Havia nesse tempo em Montemor-o-Novo uma mulher muito pobre e muito virtuosa, chamada Maria Fernandes, à qual haviam também lançado o tributo de um tostão, para as tais festas.
Indo os exactores a sua casa buscar o dinheiro, respondeu ela, que muito desejava servir sua majestade, mas que não lhe era possível arranjar semelhante quantia.
Os beleguins, sem atenderem aos profundos suspiros e abundantes lágrimas da desgraçada, lhe levaram a saia com que ia à missa.
Quando morreu o príncipe, teve a rainha D. Catarina de Áustria tão grande mágoa, que esteve às portas da morte. A rainha teve dez filhos e filhas – D. Afonso, D. Isabel, D. Brites, D. Manuel, D. Filipe, D. Dinis e D. António, que todos morreram de pouca idade – D. Maria, que foi mulher de Filipe II de Castela (pela qual veio a nossa desgraça), D. Duarte, que foi arcebispo de Braga e prior-mor de Santa Cruz – e D. João, que é de quem se trata no texto, e que não chegou a estar casado senão três meses. Na sua aflição, dizia ela: “oito filhos me levaste, Senhor, agora este, que era a luz dos meus olhos, para que mo arrebataste também? Que pecados tenho cometido contra Vós, meu Deus?”

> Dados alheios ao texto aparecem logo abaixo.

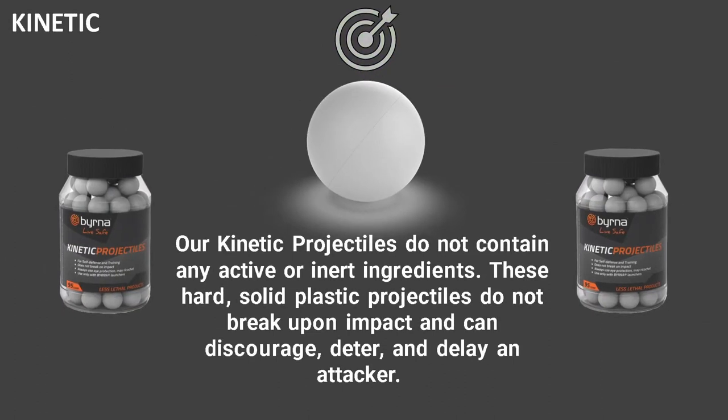The third is our kinetic projectiles. These don't contain any powder or inner ingredients. The kinetic projectiles are hard solid plastic and don't break on impact. These can be used to discourage, deter, and delay an attacker.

O rei (que sabia a história do roubo da saia) lhe respondeu: - Senhora, não vos queixes de Deus; não foi Ele que matou o nosso filho, foi a saia de Maria Fernandes, de Montemor-o-Novo.
D. João III, que era eminentemente religioso, atribuía o castigo de Deus, pelas vexações que consentira se praticassem, para o cumprimento dos seus desejos de inútil ostentação, a morte prematura de seu filho.
               
               
                                                                        Uma benfeitora memorável
            Faleceu no dia 6 de Março de 1945, a Senhora D. Josefa Diniz Perdigão Bandinhas, de 75 anos de idade, abastada proprietária.
            Já por várias vezes – infelizmente poucas – se tem registado o gesto altruísta de ricos montemorenses deixarem avultados donativos às instituições de beneficência de Montemor-o-Novo.
            Contudo, deixar “todos os seus bens” avaliados nalgumas centenas de contos, às Casas de Caridade, é um caso de rara benemerência, que, precisamente por isso, merece um relevo muito especial.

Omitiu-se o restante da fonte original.